# Maximat V10 help request



## prasad (Sep 6, 2014)

Guys,

Do we have anyone with knowledge on Maximat V10 lathe mill combo? I have access to one V10 lathe at Washington DC Astronomy group's ATM workshop. In fact before I bought my Grizzly 9x20 I worked on this Maximat V10 where I made a Crayford focuser for a telescope that I built there. 

I was there last evening and noticed that the manual they have is not giving clear details on gear combinations for thread cutting. I tried Internet searching and could not find much. This is an Austrian make lathe and has plenty of gears starting from 20 teeth to 80 teeth gears in steps of 5 teeth.

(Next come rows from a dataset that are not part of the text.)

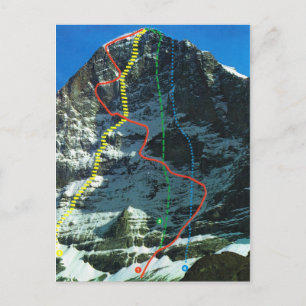 Zwitserland Routes in de Eiger Briefkaart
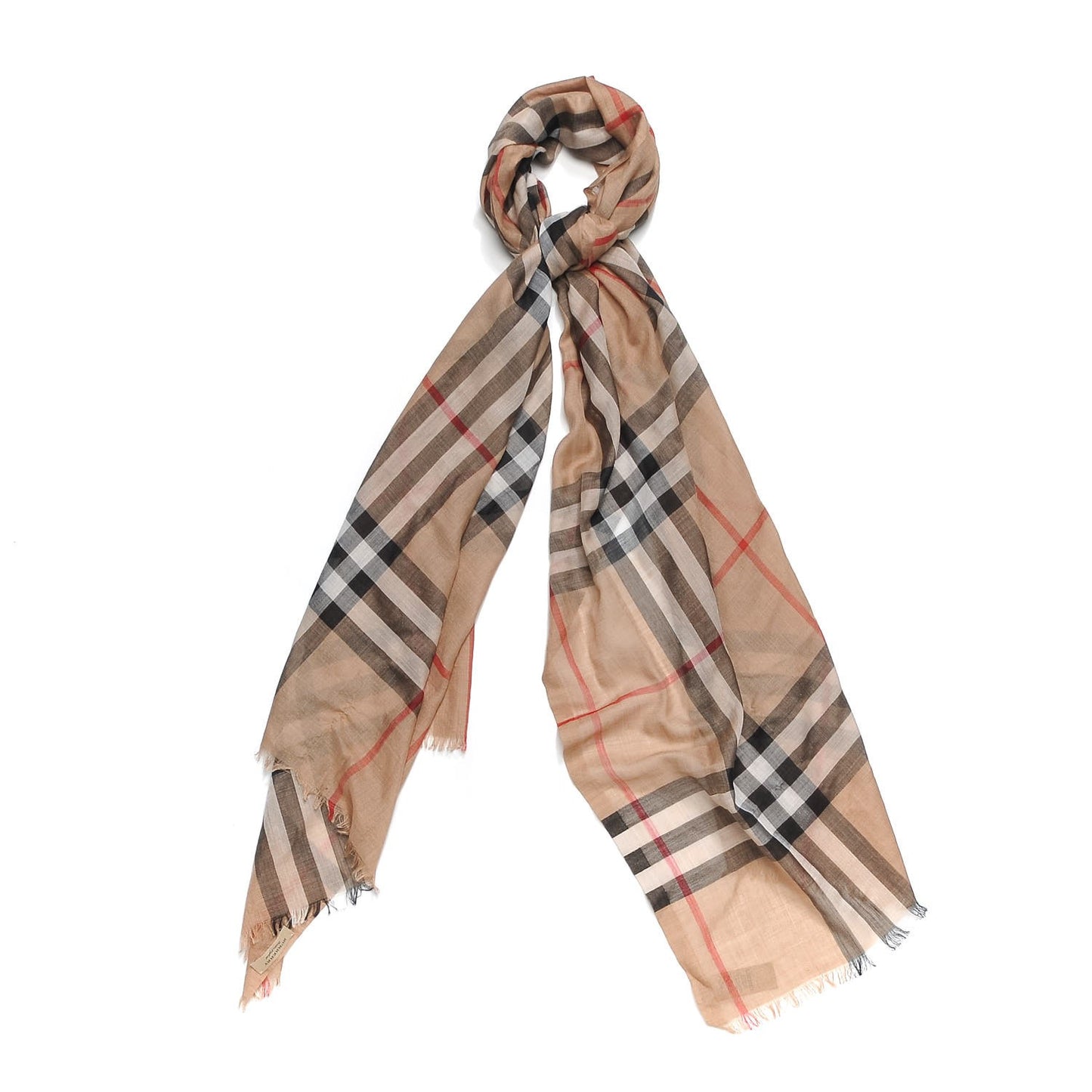 Wool Silk House Check Lightweight Scarf Camel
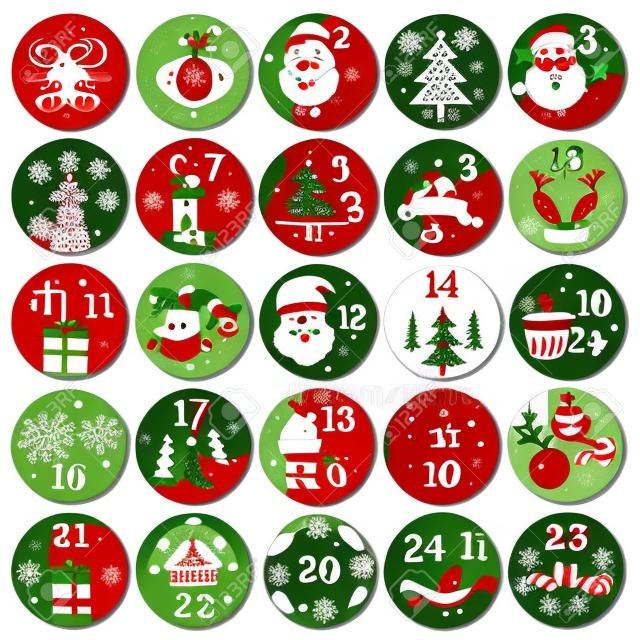 Christmas Advent calendar with hand drawn elements. Xmas Poster. Vector illustration
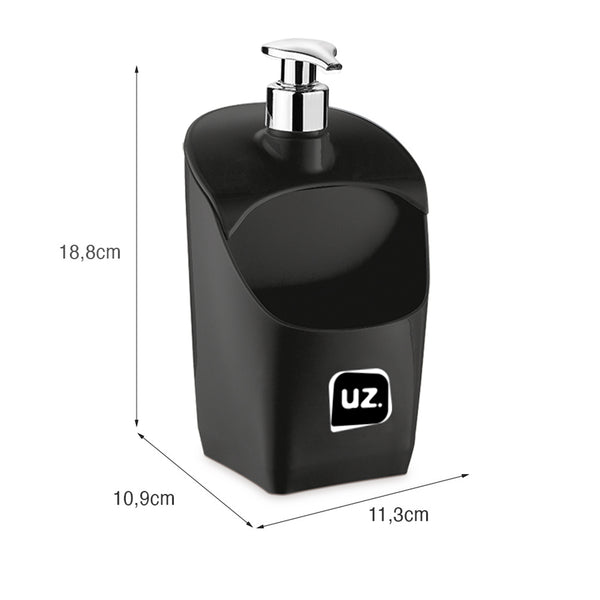 Dispenser com Válvula Metalizado Preto UZ - medidas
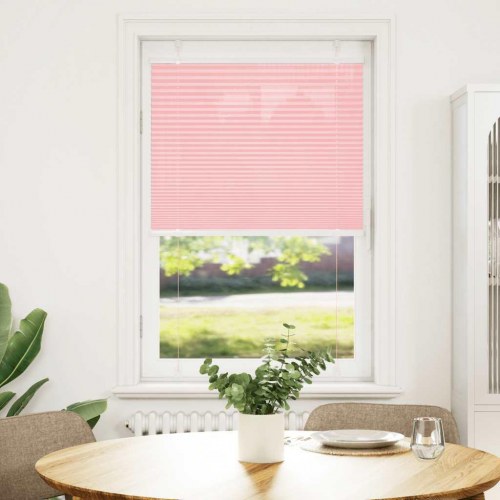 Plisségardin - lyserød 75×100 cm, stofbredde 74,4 cm, polyester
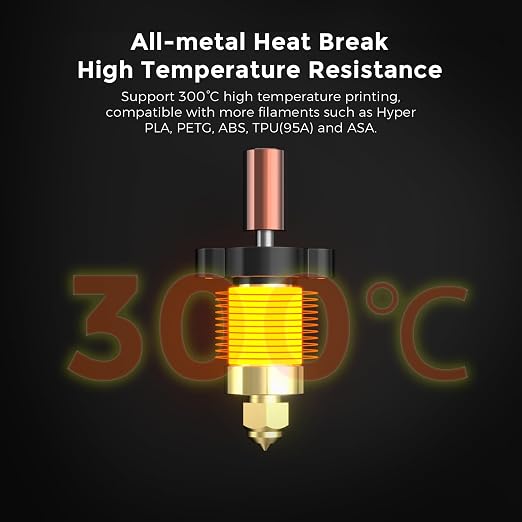 Creality Ender 3 V3 KE Hotend Kit, Original Ceramic Heating Block Kit 300°C 60W Fast Heating High Thermal Conductivity Ceramics with Bi-Metal Copper+Titanium Alloy Throat Tube and Brass Nozzle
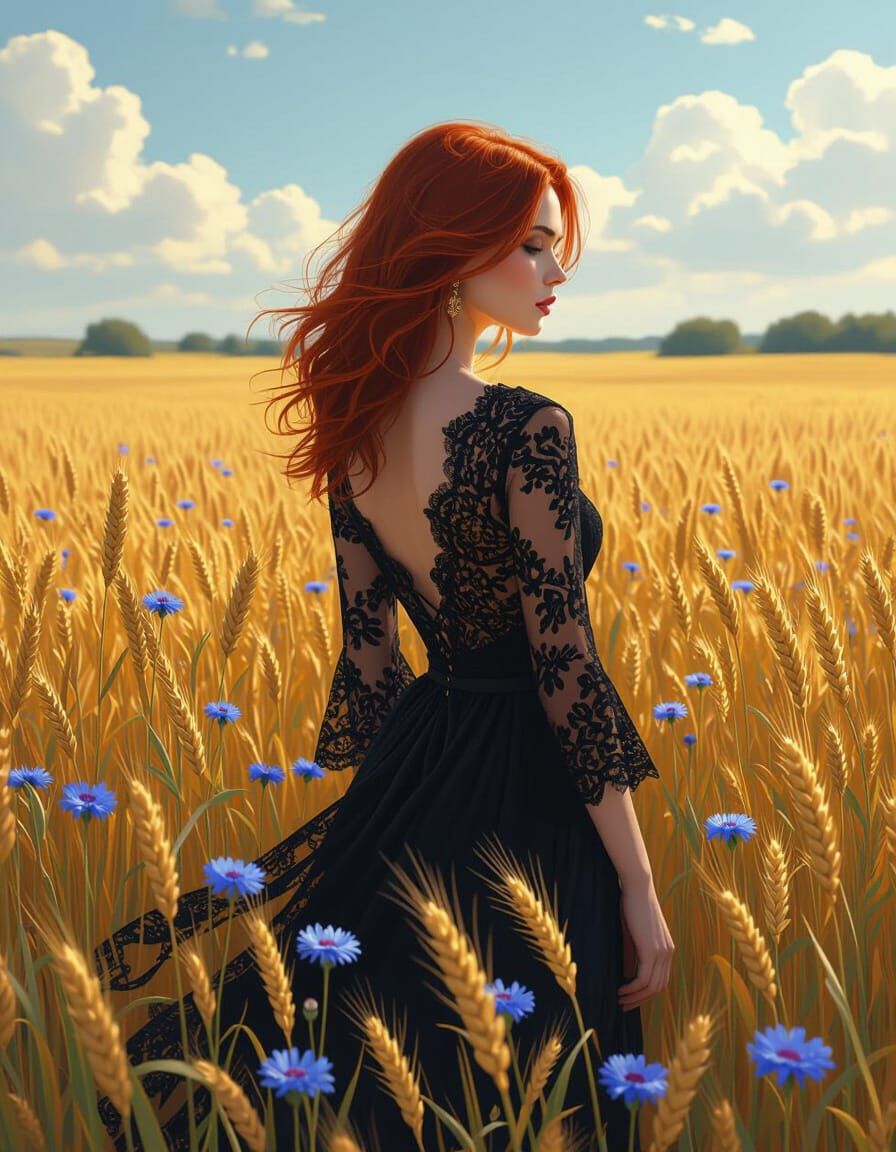 Woman in Wheat Field: Graffiti Art with Lace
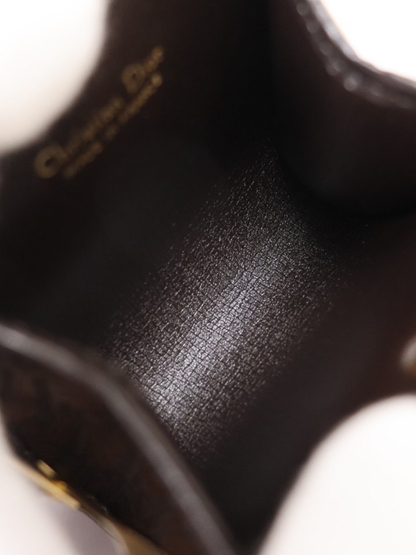 Christian Dior 2000s Brown Trotter Canvas Leather Clasp Coin Case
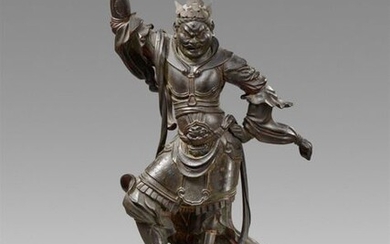 A fine wood sculpture of Jikokuten. Edo-period, 18th century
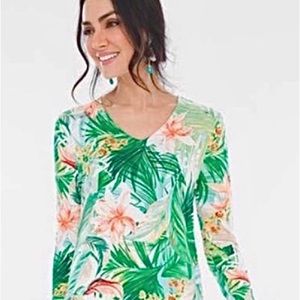🌺Chicos Green Tropical Floral Print 3/4 Sleeve Asymmetric-Hem Tee 2, L, 12/14🌴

If someone can help me with more details I would like to share this with the people at the Capital Astronomers. It will be useful for any future user. 

Your help is appreciated. I am posting some pictures below.

Thank you


----------



## Wheresmywrench? (Sep 10, 2014)

_I can't help you personally but I'm a member of this group _https://groups.yahoo.com/neo/groups/emcoV10lathe/info _they extremely knowledgeable on the Maximat V10 and I'm sure they can help you.  _


----------



## samthedog (Sep 10, 2014)

I had the V10. Here is a link to my blog:

http://wanderingaxeman.blogspot.no/2012/07/machine-manuals.html

It's the first manual, page 26.

Paul.


----------



## prasad (Sep 10, 2014)

samthedog said:


> I had the V10. Here is a link to my blog:
> 
> http://wanderingaxeman.blogspot.no/2012/07/machine-manuals.html
> 
> ...



Thank you Paul. I was able to download the manual from Scribd using free subscription. It worked. I have sent the file to the guys at NCA Wash DC and have received confirmation that this manual is different than the version they have. Hope they will find it useful. I appreciate your help. 

Take care
Prasad
Wynnewood PA


----------



## samthedog (Sep 11, 2014)

No problem, that's what the forumis for. I try to upload the manuals of all my machines for this very reason as it saves people hours of digging through the internet.

The Maximat V10 was the first machine I owned and was what started me off on this journey. A lovely little lathe it was but I still would not go back to it after owning a Chipmaster.

Paul.


----------